[Saved data entries]
┌──

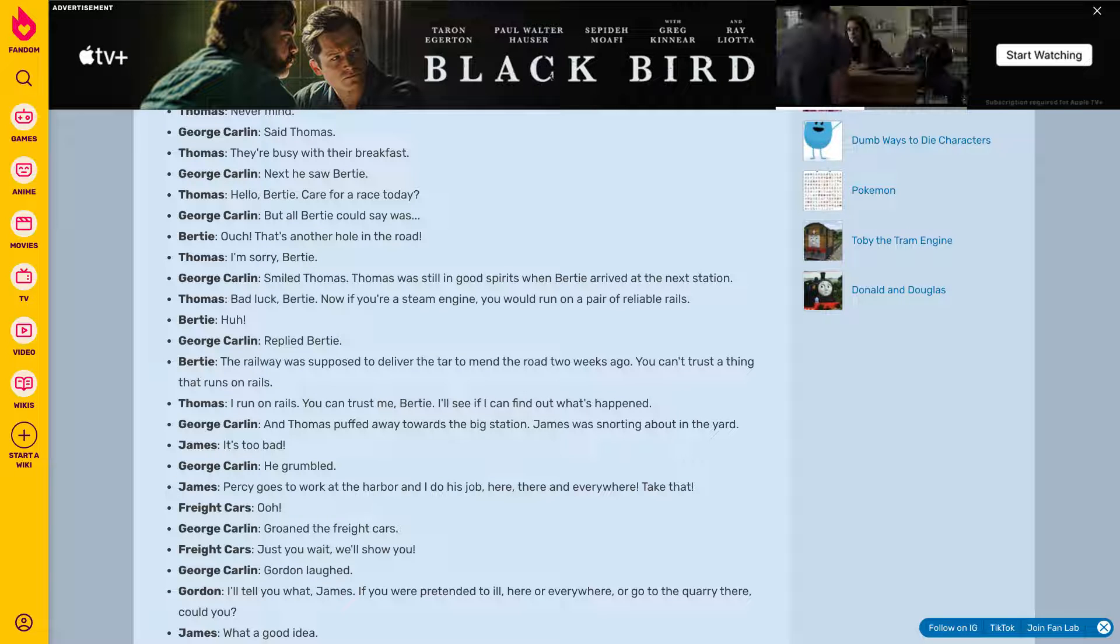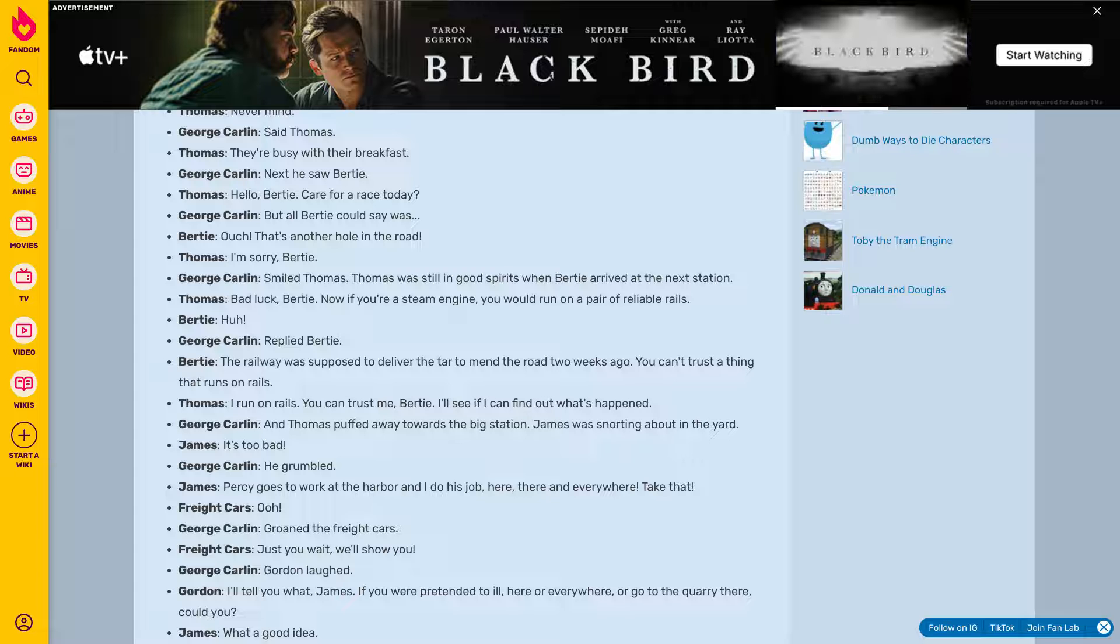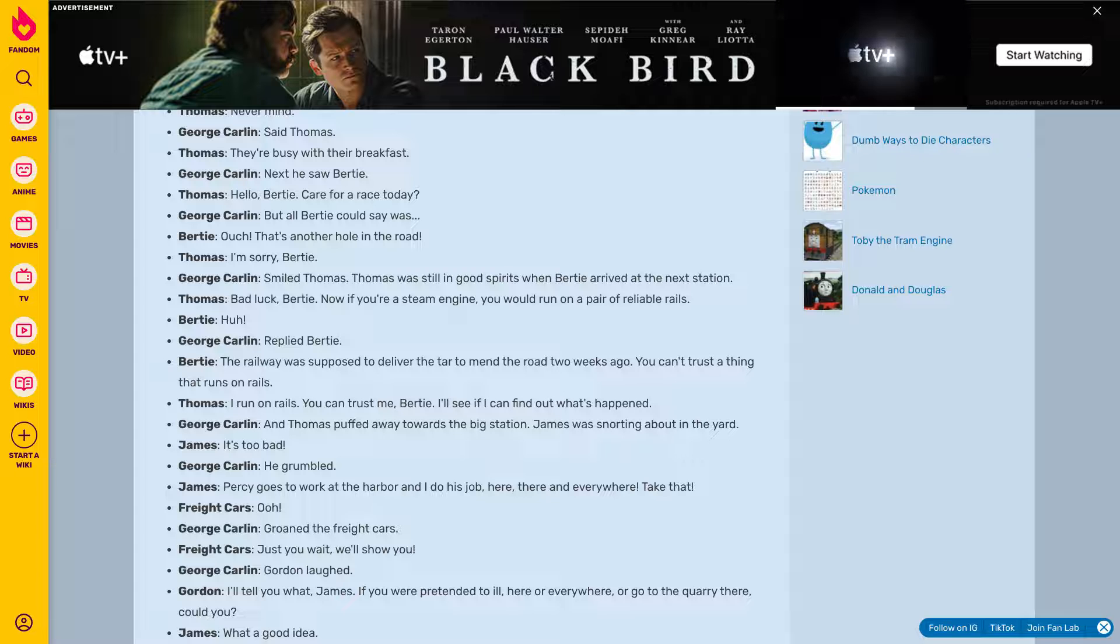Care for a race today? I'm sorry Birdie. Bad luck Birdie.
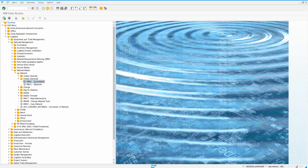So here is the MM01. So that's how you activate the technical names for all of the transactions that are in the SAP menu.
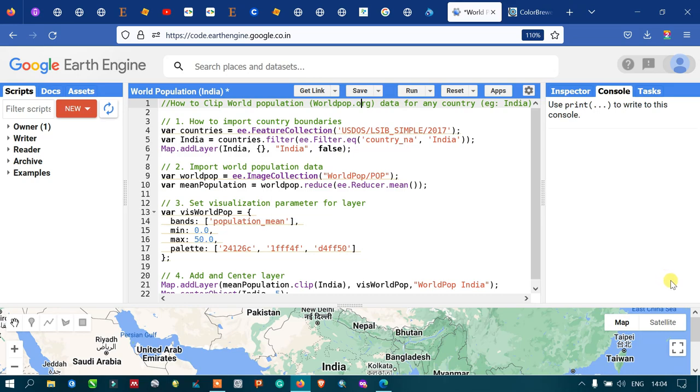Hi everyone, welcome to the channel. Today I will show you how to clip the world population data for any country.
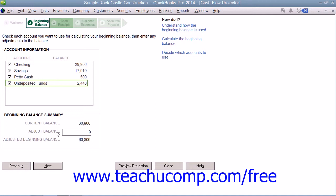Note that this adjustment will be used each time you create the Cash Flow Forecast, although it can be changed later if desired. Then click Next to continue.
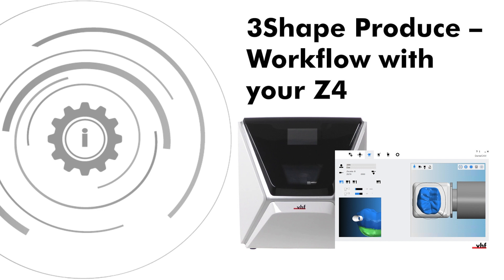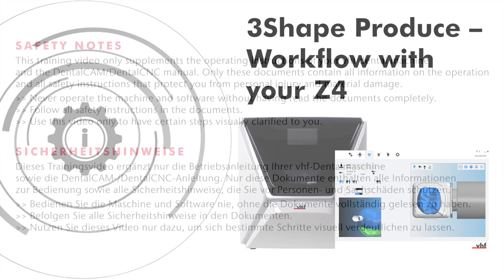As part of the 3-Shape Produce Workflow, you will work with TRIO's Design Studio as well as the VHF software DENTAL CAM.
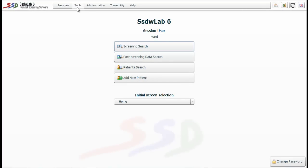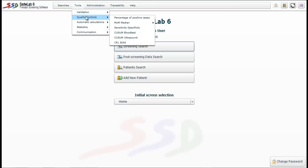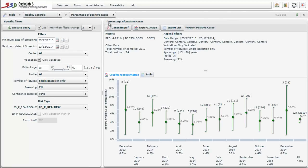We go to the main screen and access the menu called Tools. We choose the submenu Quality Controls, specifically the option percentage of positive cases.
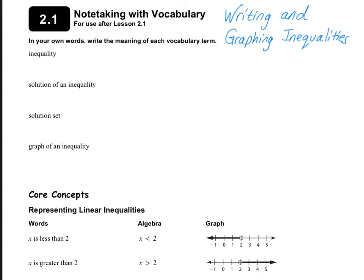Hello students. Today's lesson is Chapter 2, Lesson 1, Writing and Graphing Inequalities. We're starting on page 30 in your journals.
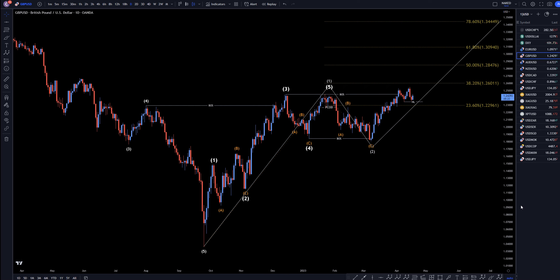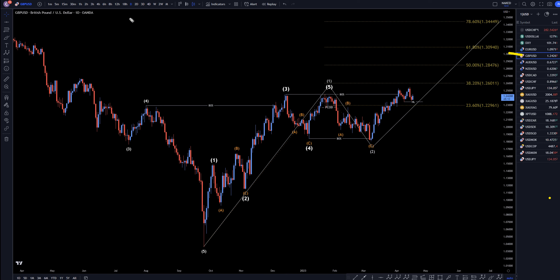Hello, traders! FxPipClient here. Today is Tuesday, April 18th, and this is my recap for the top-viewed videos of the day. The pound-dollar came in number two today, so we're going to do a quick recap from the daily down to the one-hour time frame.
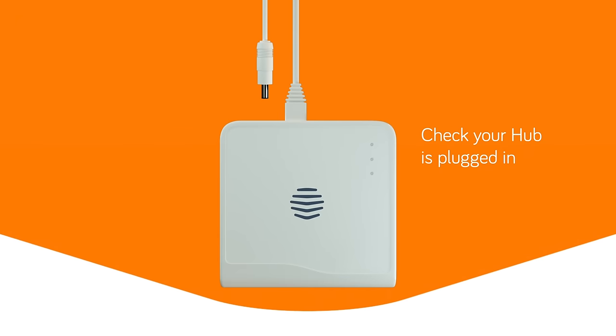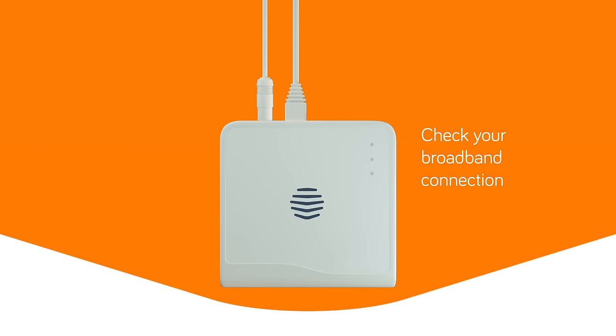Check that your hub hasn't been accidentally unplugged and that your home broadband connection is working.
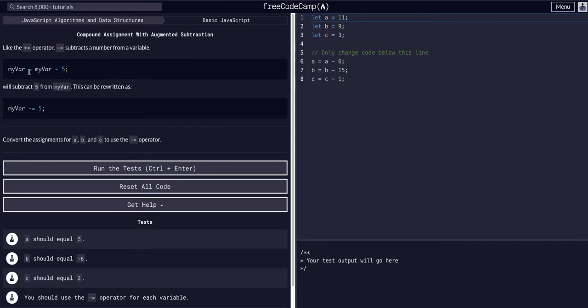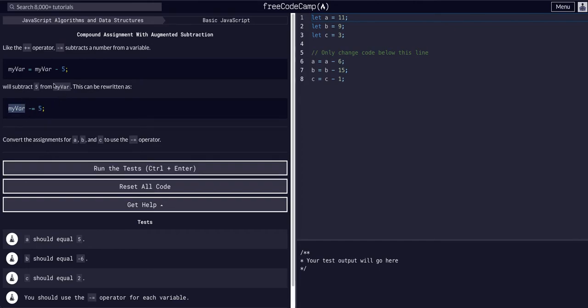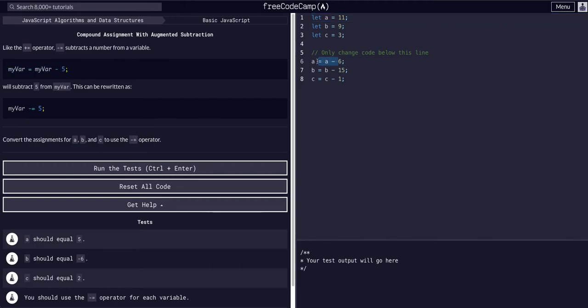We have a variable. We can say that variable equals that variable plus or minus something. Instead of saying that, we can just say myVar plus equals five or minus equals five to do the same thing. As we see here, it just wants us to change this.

└──

▸ WORK REQUEST
Give back an exact reproduction of the entries, with all pictures excluded.

▸ WORKED SOLUTION
Care for a race today? I'm sorry Birdie. Bad luck Birdie.
So here is the MM01. So that's how you activate the technical names for all of the transactions that are in the SAP menu.
Hi everyone, welcome to the channel. Today I will show you how to clip the world population data for any country.
Note that this adjustment will be used each time you create the Cash Flow Forecast, although it can be changed later if desired. Then click Next to continue.
As part of the 3-Shape Produce Workflow, you will work with TRIO's Design Studio as well as the VHF software DENTAL CAM.
We go to the main screen and access the menu called Tools. We choose the submenu Quality Controls, specifically the option percentage of positive cases.
Hello students. Today's lesson is Chapter 2, Lesson 1, Writing and Graphing Inequalities. We're starting on page 30 in your journals.
Hello, traders! FxPipClient here. Today is Tuesday, April 18th, and this is my recap for the top-viewed videos of the day. The pound-dollar came in number two today, so we're going to do a quick recap from the daily down to the one-hour time frame.
Check that your hub hasn't been accidentally unplugged and that your home broadband connection is working.
We have a variable. We can say that variable equals that variable plus or minus something. Instead of saying that, we can just say myVar plus equals five or minus equals five to do the same thing. As we see here, it just wants us to change this.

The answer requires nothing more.